= Problem to solve =
Once the images are removed, set down everything else in the listing below exactly.

= Given entries =
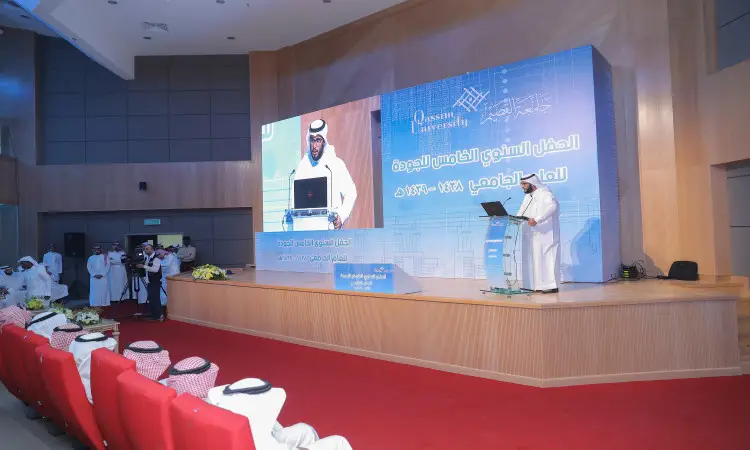 رجل مرتدياً الغترة السعودية والعقال والبشت السعودي، يكفي أنه مدير الجامعة، على المنصة مخاطباً يحضر فعاليات يوم الجودة في القصيم. يجلس الضيوف في الجزء السفلي من الشاشة الخلفية بينما يتم عرض الجزء الخلفي من الشاشة الرئيسية من النافذة الخلفية والفعاليات.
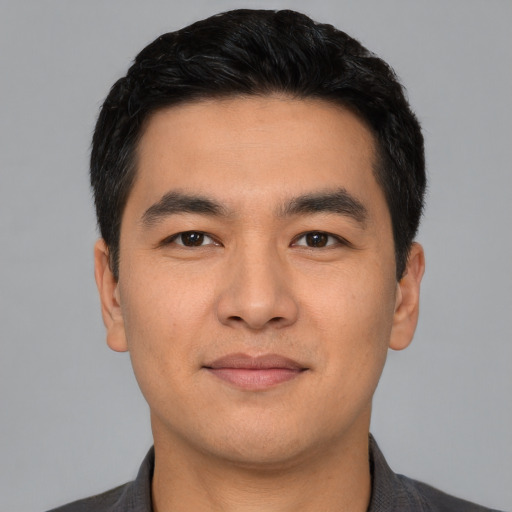 Joyful latino young-adult male with short  black hair and brown eyes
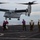 Marines return to USS Mesa Verde A V-22 Osprey tiltrotor aircraft is hovering over the flight deck of a naval vessel, appearing to be in the process of landing. Multiple deck crew members in color-coded vests and helmets are observing and managing the landing operation. The scene takes place at sea under overcast skies.
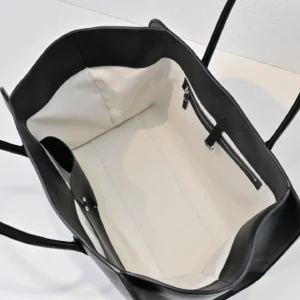 Saint Laurent Shopping tote black leather bag with white fabric interior and zipper pocket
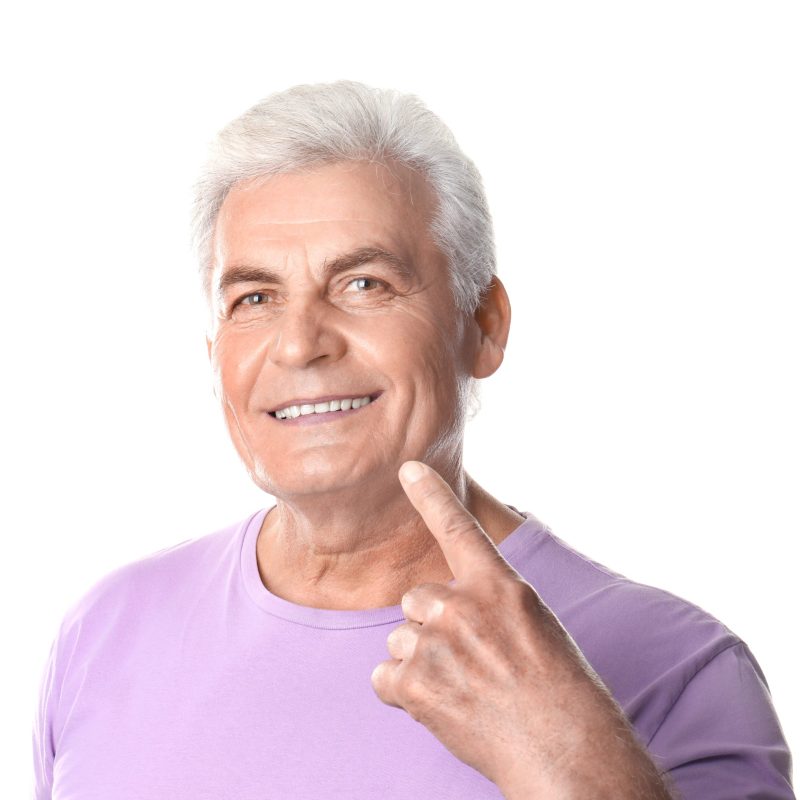 Mature man with healthy teeth on white background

= Written response =
 رجل مرتدياً الغترة السعودية والعقال والبشت السعودي، يكفي أنه مدير الجامعة، على المنصة مخاطباً يحضر فعاليات يوم الجودة في القصيم. يجلس الضيوف في الجزء السفلي من الشاشة الخلفية بينما يتم عرض الجزء الخلفي من الشاشة الرئيسية من النافذة الخلفية والفعاليات.
 Joyful latino young-adult male with short  black hair and brown eyes
 Marines return to USS Mesa Verde A V-22 Osprey tiltrotor aircraft is hovering over the flight deck of a naval vessel, appearing to be in the process of landing. Multiple deck crew members in color-coded vests and helmets are observing and managing the landing operation. The scene takes place at sea under overcast skies.
 Saint Laurent Shopping tote black leather bag with white fabric interior and zipper pocket
 Mature man with healthy teeth on white background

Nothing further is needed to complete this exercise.